The activation and composition of FiRE (an FGF-inducible response element) differ in a cell type- and growth factor-specific manner.

The expression of the heparan sulfate proteoglycan, syndecan-1, is induced both in keratinocytes and in fibroblasts during development and tissue regeneration. Here we report that in keratinocytes the syndecan-1 gene was stimulated by EGF but not by FGF-2. In fibroblasts it was stimulated by FGF-2 but not by EGF. Likewise, the recently discovered FGF-inducible response element (FiRE) on the gene of syndecan-1 was stimulated by FGF-2 in fibroblasts and by EGF in keratinocytes, but not vice versa. The FiRE has two binding sites for an activator protein-1 (AP-1), one for an FGF-inducible nuclear factor (FIN-1) and one for an upstream stimulatory factor-1 (USF-1). The growth factor-stimulated binding of these transcription factors, as well as their requirement for FiRE activation, varied between the two cell types. First, although AP-1s were required for activation of FiRE in both cell types, the binding of AP-1 to FiRE was increased by growth factor-stimulation only in fibroblasts and not in keratinocytes.
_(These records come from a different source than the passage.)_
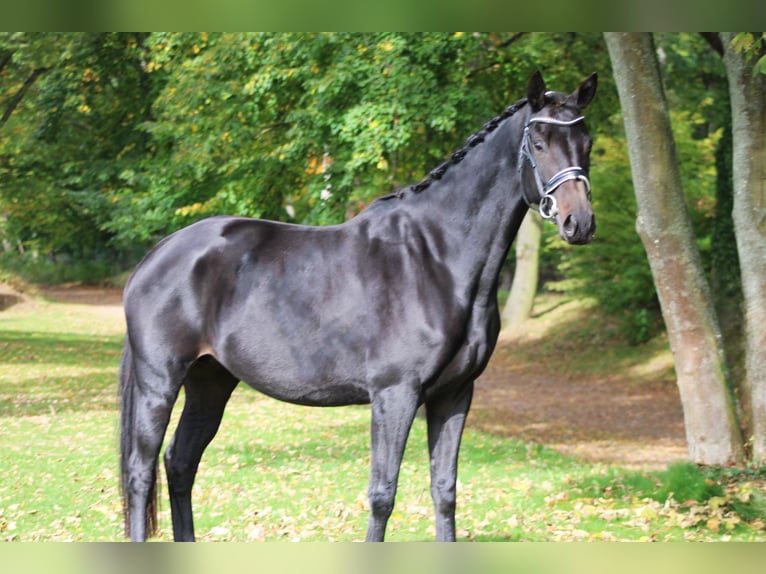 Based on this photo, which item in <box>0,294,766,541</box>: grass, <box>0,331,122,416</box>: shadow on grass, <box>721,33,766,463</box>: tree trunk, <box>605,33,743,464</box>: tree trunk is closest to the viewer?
<box>0,294,766,541</box>: grass

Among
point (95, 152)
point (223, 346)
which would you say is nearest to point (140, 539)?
point (223, 346)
Secondly, FiRE did not bind FIN-1 nor needed the FIN-1 binding site for EGF-stimulated activation in keratinocytes, in contrast to the FGF-stimulated activation of FiRE in fibroblasts. Thirdly, EGF, which did not activate FiRE in fibroblasts, failed to activate FIN-1 in these cells. Finally, an USF-1 binding site that was necessary for activation of FiRE in keratinocytes was not needed in fibroblasts. These data suggest mechanisms by which members of the EGF- and FGF-families can differentially stimulate transcription through AP-1 regulated elements in a cell type-specific manner.